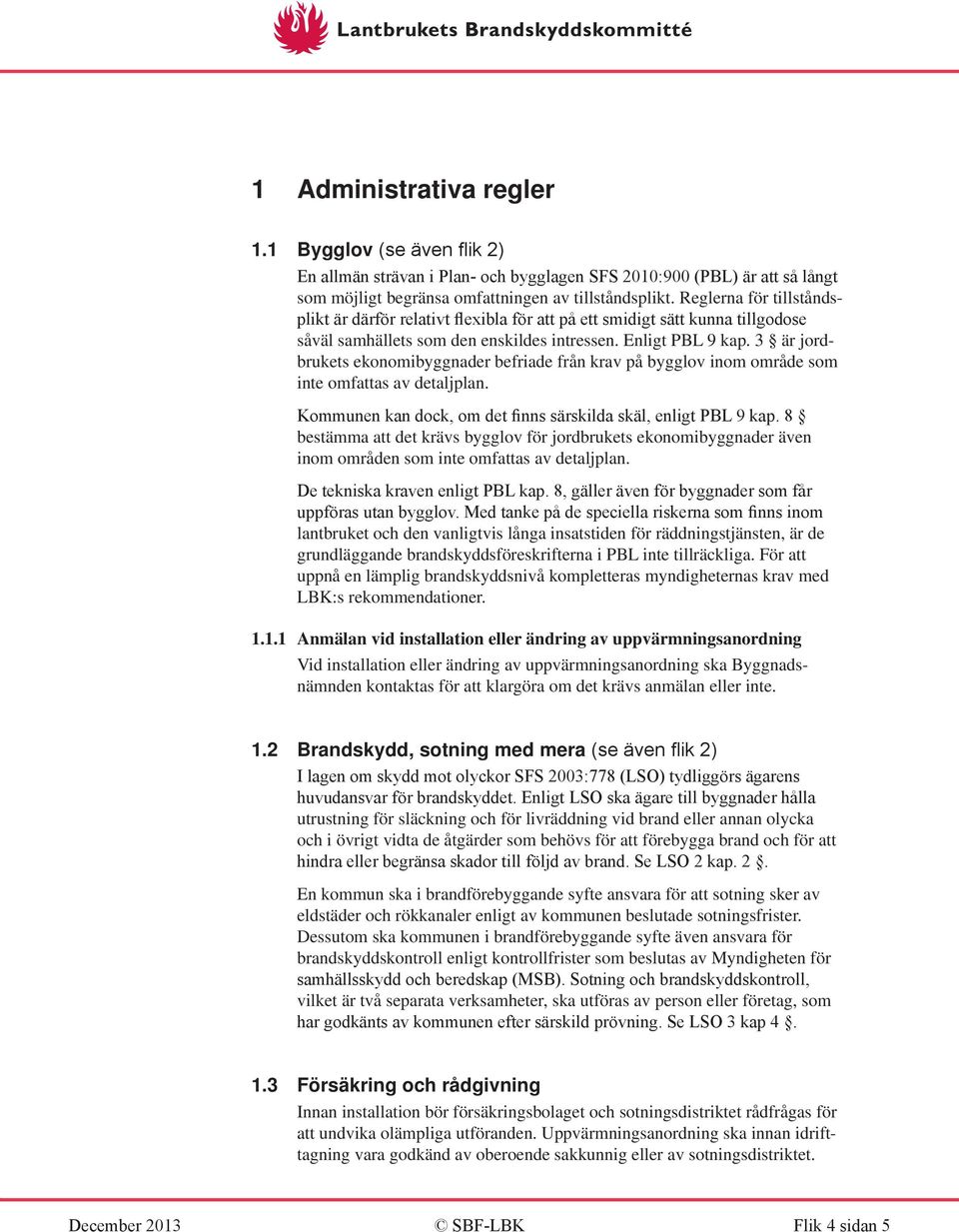 3 är jordbrukets ekonomibyggnader befriade från krav på bygglov inom område som inte omfattas av detaljplan. Kommunen kan dock, om det finns särskilda skäl, enligt PBL 9 kap.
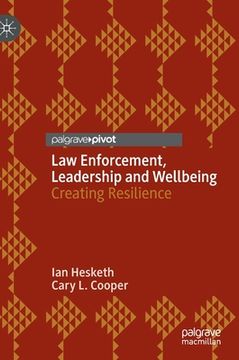 portada Law Enforcement, Leadership and Wellbeing: Creating Resilience (en Inglés)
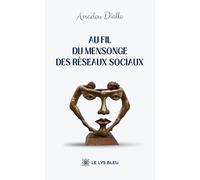 Au fil du mensonge des réseaux sociaux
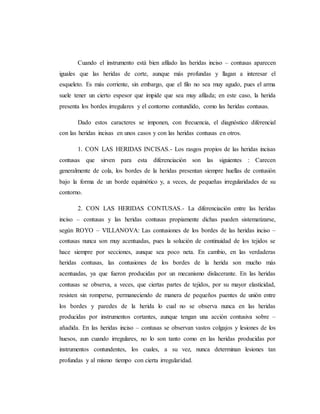 Cuando el instrumento está bien afilado las heridas inciso – contusas aparecen
iguales que las heridas de corte, aunque más profundas y llagan a interesar el
esqueleto. Es más corriente, sin embargo, que el filo no sea muy agudo, pues el arma
suele tener un cierto espesor que impide que sea muy afilada; en este caso, la herida
presenta los bordes irregulares y el contorno contundido, como las heridas contusas.
Dado estos caracteres se imponen, con frecuencia, el diagnóstico diferencial
con las heridas incisas en unos casos y con las heridas contusas en otros.
1. CON LAS HERIDAS INCISAS.- Los rasgos propios de las heridas incisas
contusas que sirven para esta diferenciación son las siguientes : Carecen
generalmente de cola, los bordes de la heridas presentan siempre huellas de contusión
bajo la forma de un borde equimótico y, a veces, de pequeñas irregularidades de su
contorno.
2. CON LAS HERIDAS CONTUSAS.- La diferenciación entre las heridas
inciso – contusas y las heridas contusas propiamente dichas pueden sistematizarse,
según ROYO – VILLANOVA: Las contusiones de los bordes de las heridas inciso –
contusas nunca son muy acentuadas, pues la solución de continuidad de los tejidos se
hace siempre por secciones, aunque sea poco neta. En cambio, en las verdaderas
heridas contusas, las contusiones de los bordes de la herida son mucho más
acentuadas, ya que fueron producidas por un mecanismo dislacerante. En las heridas
contusas se observa, a veces, que ciertas partes de tejidos, por su mayor elasticidad,
resisten sin romperse, permaneciendo de manera de pequeños puentes de unión entre
los bordes y paredes de la herida lo cual no se observa nunca en las heridas
producidas por instrumentos cortantes, aunque tengan una acción contusiva sobre –
añadida. En las heridas inciso – contusas se observan vastos colgajos y lesiones de los
huesos, aun cuando irregulares, no lo son tanto como en las heridas producidas por
instrumentos contundentes, los cuales, a su vez, nunca determinan lesiones tan
profundas y al mismo tiempo con cierta irregularidad.
 
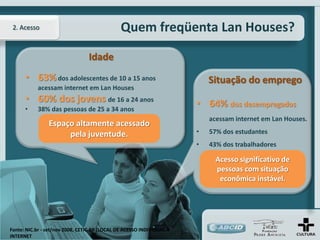 2. Acesso                                     Quem freqüenta Lan Houses?

                                 Idade
      • 63% dos adolescentes de 10 a 15 anos                               Situação do emprego
           acessam internet em Lan Houses
      • 60% dos jovens de 16 a 24 anos                                 • 64% dos desempregados
      •    38% das pessoas de 25 a 34 anos
                                                                           acessam internet em Lan Houses.
                Espaço altamente acessado
                     pela juventude.                                   •   57% dos estudantes
                                                                       •   43% dos trabalhadores

                                                                             Acesso significativo de
                                                                             pessoas com situação
                                                                              econômica instável.




Fonte: NIC.br - set/nov 2008, CETIC.BR (LOCAL DE ACESSO INDIVIDUAL À
INTERNET
 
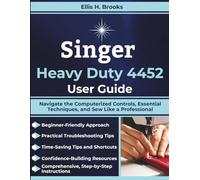 Singer Heavy Duty 4452 User Guide: Navigate the Computerized Controls, Essential Techniques, and Sew Like a Professional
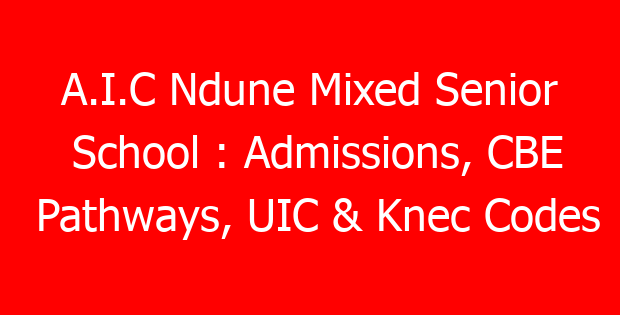 A.I.C Ndune Mixed Senior School : Admissions, CBE Pathways, UIC & Knec Codes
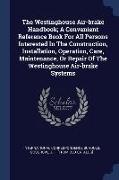 The Westinghouse Air-brake Handbook, A Convenient Reference Book For All Persons Interested In The Construction, Installation, Operation, Care, Mainte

● ● ● ●

**ACTIVITY**
Should a line in the material contain "nunca", copy it.

**SOLUTION TO THE EXERCISE**
contusas nunca son muy acentuadas, pues la solución de continuidad de los tejidos se
los bordes y paredes de la herida lo cual no se observa nunca en las heridas
instrumentos contundentes, los cuales, a su vez, nunca determinan lesiones tan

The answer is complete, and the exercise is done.